The High Court today delivered judgment in the matter of Allianz Australia Insurance Limited v Delor Vue Apartments CTS 39788  HCA 38.
The respondent (Delor Vue) is the body corporate for a complex of apartment buildings in far north Queensland which were damaged by Tropical Cyclone Debbie on 28 March 2017. The premises were insured under an Allianz composite policy of insurance issued by Strata Community Insurance (SCI) as Allianz’ agent.
SCI advised Delor Vue that the claim would be honoured, save that the policy would not cover repairs to the defective material and construction of the roof – only resultant damage (email). Allianz engaged experts to advise in relation to the extent of the works and paid $192,472 for temporary repairs, loss of rent, alternative accommodation expenses and engineer’s fees. SCI subsequently clarified the indemnity position by advising that resultant damage was covered but not pre-existing defects. SCI then advised that if the offer was not accepted within 21 days it reserved its rights to reduce the claim to nil relying on non-disclosure and alleged misrepresentation (s 28 of the Insurance Contracts Act) (letter).
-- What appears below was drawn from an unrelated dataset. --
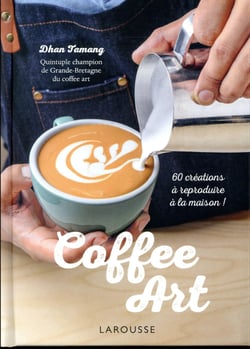 Coffee art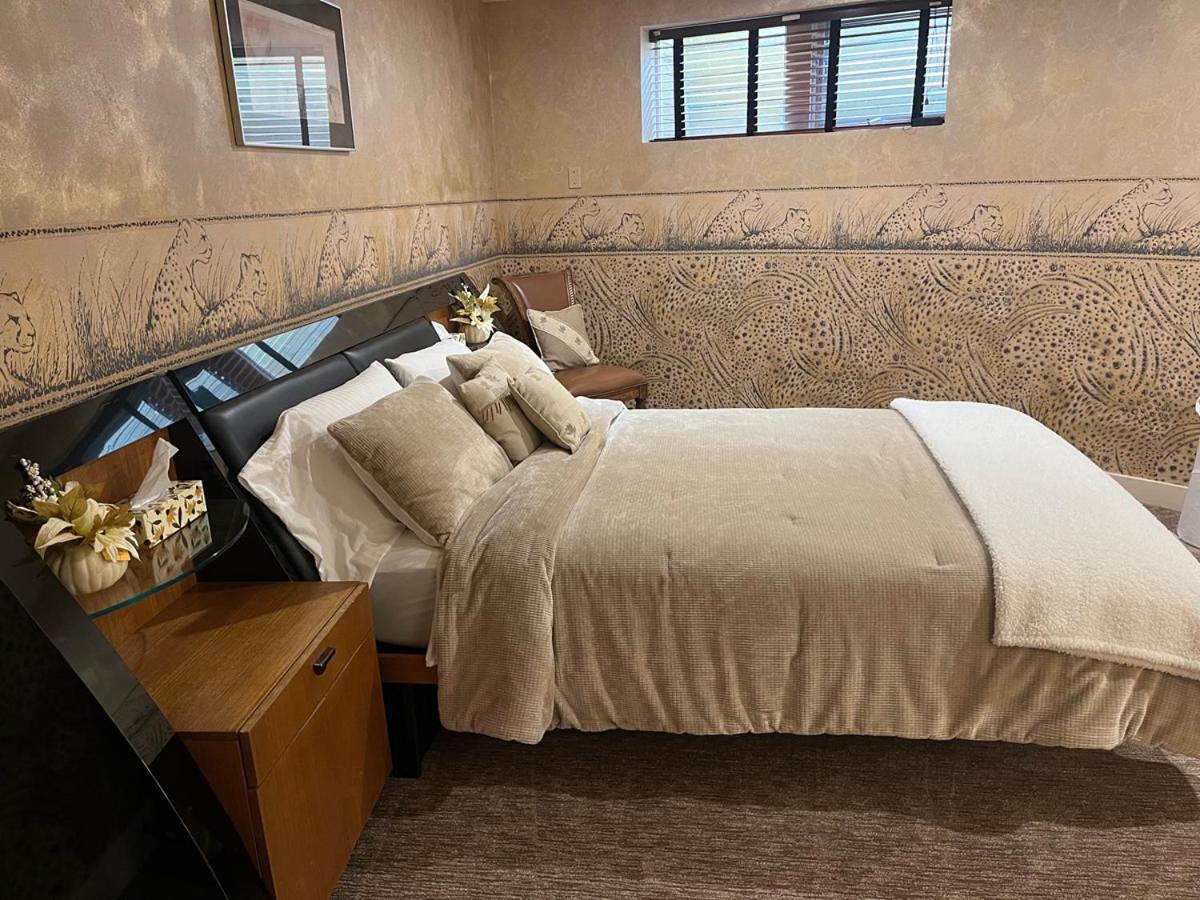 Roundhouse Grotto Bed & Breakfast Calgary Luaran gambar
Delor Vue commenced proceedings in the Federal Court seeking to hold Allianz to cover under the policy terms. Delor Vue relied upon election, waiver, estoppel and the duty of utmost good faith. The primary Judge, Allsop CJ, found that the email contained a clear representation or promise that cover was confirmed and Allianz was estopped from relying on s28(3) ICA. In addition, Allianz had “waived” the benefit of s28(3) and breached its duty of good faith. Allsop CJ rejected the allegation that Allianz was bound by an election.
The majority of the Full Court found no error in the primary judge’s findings in relation to estoppel, waiver and good faith, but also found that Delor Vue was entitled to succeed on election (Allianz Australia Insurance Limited v Delor Vue Apartments  FCAFC 121).
High Court Appeal
There were 4 grounds of appeal, being election, waiver, estoppel and good faith.
The issues for determination were:
- Whether the doctrine of election can prevent an insurer from changing positions in relation to the application of s28(3) of the ICA to a claim.
- Whether Allianz had waived its right to rely upon s28(3) of the ICA.
- Whether Delor Vue established reliance on the promise, that it materially changed its position as a result of the reliance and would suffer a material detriment as a result of a change in position.
- Whether Allianz breached its duty of utmost good faith in reversing its indemnity position.
High Court majority decision
The High Court (Kiefel CJ, Edelman J, Steward J and Gleeson J; Gageler J dissenting), allowed the appeal on all four grounds of appeal. The majority concluded:
- The waiver of the 28(3) ICA defence recorded in the email was revoked by the letter. The revocation was found to be permissible as, in the law of contract there are limited exceptional circumstances in which a gratuitous waiver of rights is irrevocable – none of which were present in these proceedings.
- The waiver of the s 28(3) ICA defence did not involve an election between alternative and inconsistent sets of rights, such as to give rise to an irrevocable “election by affirmation”.
- Delor Vue did not establish that it had suffered any detriment in reliance on Allianz’s representation such that Allianz was estopped from revoking its waiver.
- There is no free-standing obligation upon an insurer, independent of its contractual obligations, to act in a manner which is decent and fair and, therefore, there was no basis to find that Allianz breached its duty of utmost good faith.
Justice Gageler would have dismissed the appeal on the basis that irrevocable election was established, Allianz had waived the right to rely upon s 28(3), Allianz was estopped from departing from the position communicated in the email, and the statutorily implied contractual requirement that Allianz act towards Delor Vue with the utmost good faith entailed that Allianz was from then on bound to adhere to the position it had announced.
Insurers generally will be heartened by the decision on all four grounds. However, the finding by the majority that the duty of good faith does not require insurers to act in a manner consistent with commercial standards of decency and fairness, and there is no duty not to resile from a previous representation, may come as a surprise to many.
This article is intended to provide a general summary only and does not purport to be comprehensive. It is not, and not intended to be, legal advice.